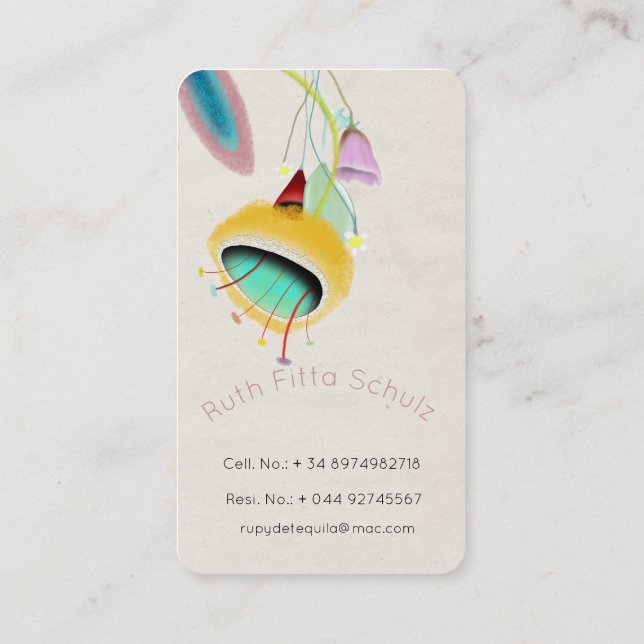 Business Cards Unique (Back)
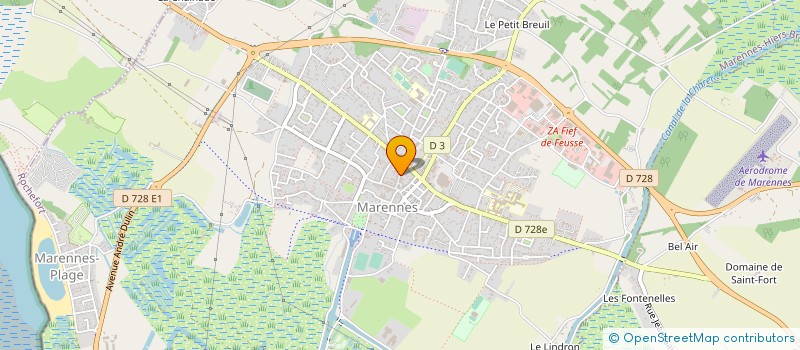 localisation de l'entreprise MADAME CHRISTELLE MECHIN à MARENNES-HIERS-BROUAGE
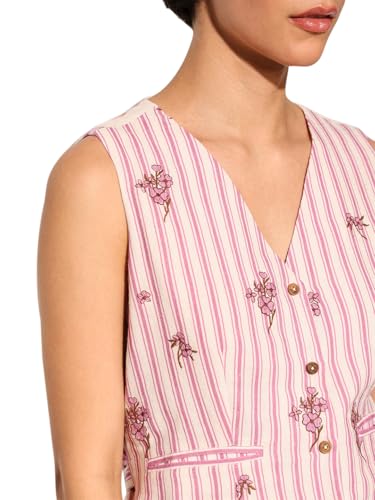 ONLY Women Regular Fit Pink Waistcoat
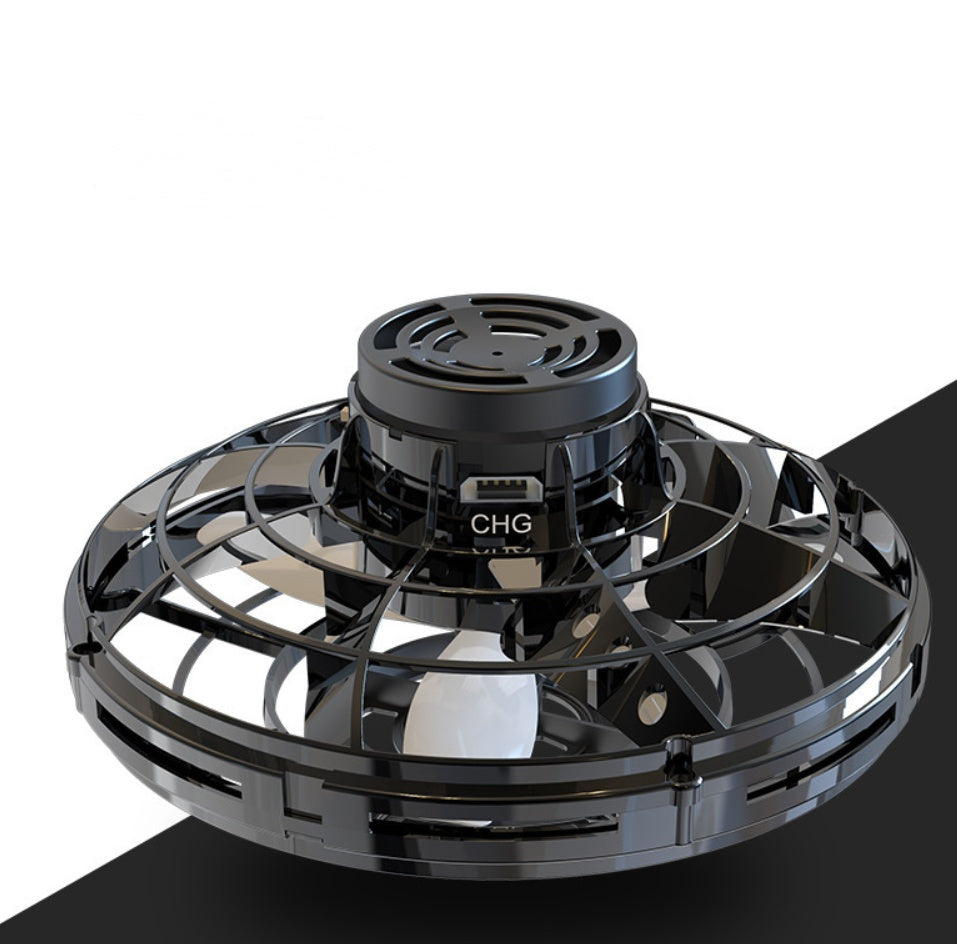 Mini Fingertip Gyro Spinner Toy – LED UFO Flying Helicopter for Kids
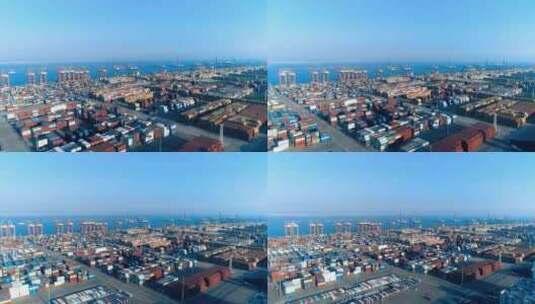 南沙新港码头1高清在线视频素材下载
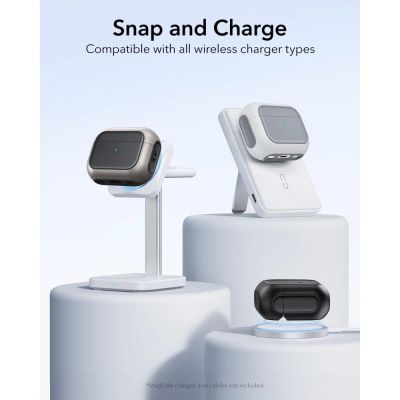 6. ESR Orbit HaloLock MagSafe Hülle für AirPods Pro 3 – Grau & Schwarz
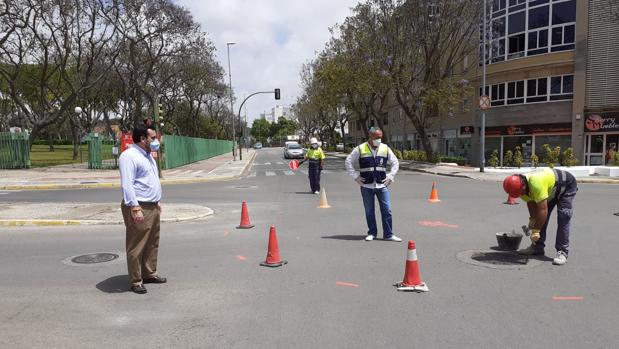 El Puerto inicia la construcción de una glorieta en la Avenida de La Libertad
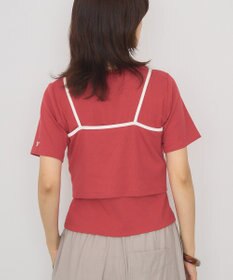 AMERICAN HOLIC 【2点セット】配色キャミ＋Tシャツ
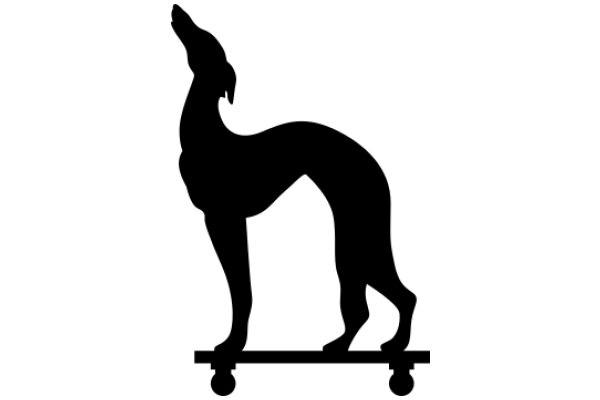 Silhouette of a Dog on a Skateboard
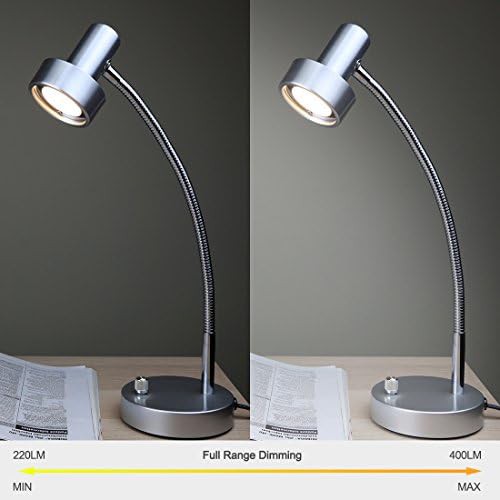 Vintage Aluminum Gooseneck Desk Lamp — photo 3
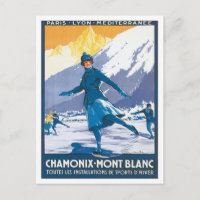 Vintage Chamonix Mont Blanc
────────
Only the lines from the one that holds "AMERICAN HOLIC 【2点セット】配色キャミ＋Tシャツ" through the end of the records above should be printed again, exactly as they are. Leave out the pictures.

 AMERICAN HOLIC 【2点セット】配色キャミ＋Tシャツ
 Silhouette of a Dog on a Skateboard
 Vintage Aluminum Gooseneck Desk Lamp — photo 3
 Vintage Chamonix Mont Blanc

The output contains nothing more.